January 22, 2013
A chicken eats only about one bushel of feed per year. But at Dakota Layers, Flandreau, S.D., the bushels add up quickly.
Dakota Layers expanded recently and houses 1.3 million hens. It buys about 1 million bushels of corn; more tan 10,000 tons of soybean meal; and more than 2,000 tons of distillers grains each year to feed its birds.
"It's chicken feed," quips Scott Ramsdell, Dakota Layers president and CEO and a fifth generation farmer. "But it adds up."
The Dakota Layers "Prairie Proud" logo show the pride the company takes in being about to produce eggs in South Dakota
Organized in 1999 as a cooperative to add value to members' corn and soybeans, Dakota Layers is now a limited liability partnership owned more than 100 Moody County, S.D., area farm families. Its facilities – six barns housing seven hen flocks, two manure barns and an egg processing center -- are among the most modern in the U.S. The new $4 million barn has an enrichable colony hen housing system that meets California's new animal welfare standards.
Dakota Layers recently purchased two distribution centers in California so that it can sell directly to West Coast buyers. One of the distributors it purchased -- Rosemary Farms -- is a legacy brand in California and Dakota Layers has expanded into high-value direct marketing of eggs to consumers and retailers.It washes, packs and chills about 85,000 dozen eggs per day and sells 30 million dozen eggs per year throughout the United States. It also sells enough composted chicken litter as fertilizer to cover 8,000 acres.

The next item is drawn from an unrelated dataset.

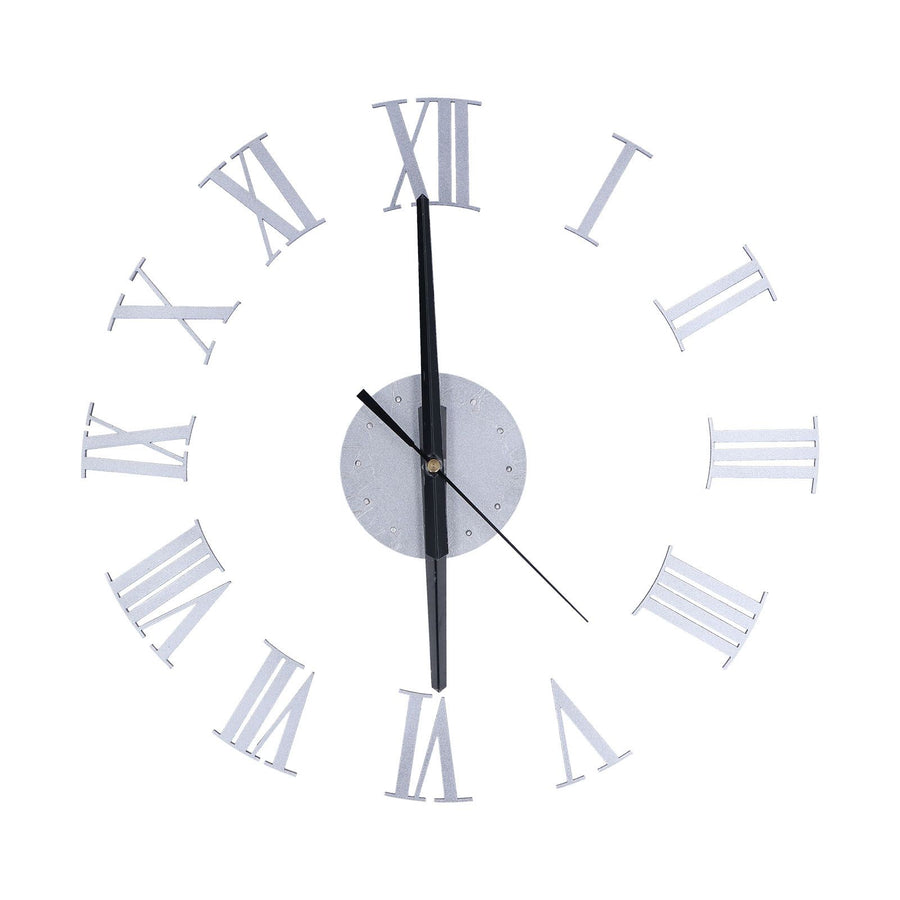 Roman Numerals Design Wall Clock Acrylic Mute Frameless DIY Wall Clock for Home Office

Chris Wiese, Dakota Layers quality control manager, candles eggs to spot defects as they enter the processing center.
Dakota Layers is working to generate electricity from the litter the additional birds in the new barn will produce. It is mixing the dry litter with wetter manure from a nearby dairy and running it through a manure digester. Dakota Layers hopes to capture the methane and use it to produce electricity for its barns. Some of the power may be sold to go back on the electrical grid.